Migas Berbasis Komunitas: Energi untuk Kemandirian Daerah
Topik yang paling mencuri perhatian publik adalah gagasan Migas Berbasis Komunitas.
Menurut ASPERMIGAS, Blora bisa menjadi model nasional pengelolaan migas yang melibatkan masyarakat melalui koperasi desa, BUMDes, atau BUMD seperti Blora Patra Energi.
Skema ini dianggap solusi konkret untuk mengakhiri eksploitasi ilegal.
Dengan sistem kemitraan rakyat, keuntungan akan terbagi lebih adil — antara masyarakat, pemerintah daerah, dan negara.
“Migas rakyat bukan hanya soal minyak, tapi soal martabat dan kemandirian ekonomi daerah,” tegas Joko Tirtono, disambut tepuk tangan panjang.
Suara Lapangan: Penambang Ingin Dianggap Bagian dari Solusi
Perwakilan penambang rakyat yang hadir dalam seminar juga angkat bicara.
Mereka berharap kebijakan baru tidak mematikan usaha rakyat, tetapi membimbing mereka agar bisa bekerja sesuai aturan.
“Kami tidak menolak aturan. Kami hanya ingin dilibatkan. Selama ini, kami bekerja demi menghidupi keluarga. Kalau bisa legal, tentu kami lebih tenang,” ujar Suroto, penambang dari Kecamatan Kedungtuban.
Ia juga mengucapkan terima kasih kepada DPC LCKI Blora di bawah pimpinan Bapak Rudi yang telah membuka ruang dialog antara penambang dan pemerintah.
“Baru kali ini kami diajak bicara dalam forum nasional. Semoga LCKI terus menjadi jembatan antara kami dan negara,” tuturnya.

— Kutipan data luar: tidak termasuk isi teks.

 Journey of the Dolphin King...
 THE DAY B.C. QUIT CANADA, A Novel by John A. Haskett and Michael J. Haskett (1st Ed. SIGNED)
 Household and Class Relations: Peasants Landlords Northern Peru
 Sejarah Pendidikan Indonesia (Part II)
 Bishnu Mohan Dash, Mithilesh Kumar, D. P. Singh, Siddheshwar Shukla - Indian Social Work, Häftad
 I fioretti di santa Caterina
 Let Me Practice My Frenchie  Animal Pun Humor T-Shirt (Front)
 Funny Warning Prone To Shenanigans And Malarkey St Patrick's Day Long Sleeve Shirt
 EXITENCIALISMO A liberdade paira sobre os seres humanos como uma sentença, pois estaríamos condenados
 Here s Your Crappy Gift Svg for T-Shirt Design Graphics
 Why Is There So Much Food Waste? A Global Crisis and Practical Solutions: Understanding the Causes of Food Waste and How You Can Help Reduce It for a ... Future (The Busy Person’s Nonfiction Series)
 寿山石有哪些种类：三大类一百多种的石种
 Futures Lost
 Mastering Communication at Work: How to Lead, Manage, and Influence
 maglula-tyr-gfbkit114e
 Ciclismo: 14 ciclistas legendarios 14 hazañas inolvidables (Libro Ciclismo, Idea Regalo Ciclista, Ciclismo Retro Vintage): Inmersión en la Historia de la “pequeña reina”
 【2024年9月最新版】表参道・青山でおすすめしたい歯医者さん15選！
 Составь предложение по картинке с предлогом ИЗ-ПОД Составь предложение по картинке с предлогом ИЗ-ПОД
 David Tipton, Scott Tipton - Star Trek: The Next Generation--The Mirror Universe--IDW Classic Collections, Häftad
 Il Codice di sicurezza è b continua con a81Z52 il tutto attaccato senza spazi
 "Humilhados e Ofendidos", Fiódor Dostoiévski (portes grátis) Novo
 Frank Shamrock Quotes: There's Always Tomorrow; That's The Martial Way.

Momentum Blora: Dari Energi Rakyat Menuju Transformasi Nasional
Menutup acara, Bupati Arief Rohman kembali menegaskan tekadnya menjadikan Blora sebagai model pengelolaan migas rakyat berbasis keselamatan dan transparansi.
“Pemerintah tidak anti terhadap sumur rakyat, asal sesuai aturan. Kita ingin Blora menjadi daerah produktif, aman, dan ramah investasi,” ucapnya.
Acara ditutup dengan penyerahan piagam
penghargaan kepada narasumber dan panitia penyelenggara, termasuk apresiasi khusus untuk DPC LCKI Blora yang sukses memfasilitasi kegiatan nasional ini dengan penuh dedikasi.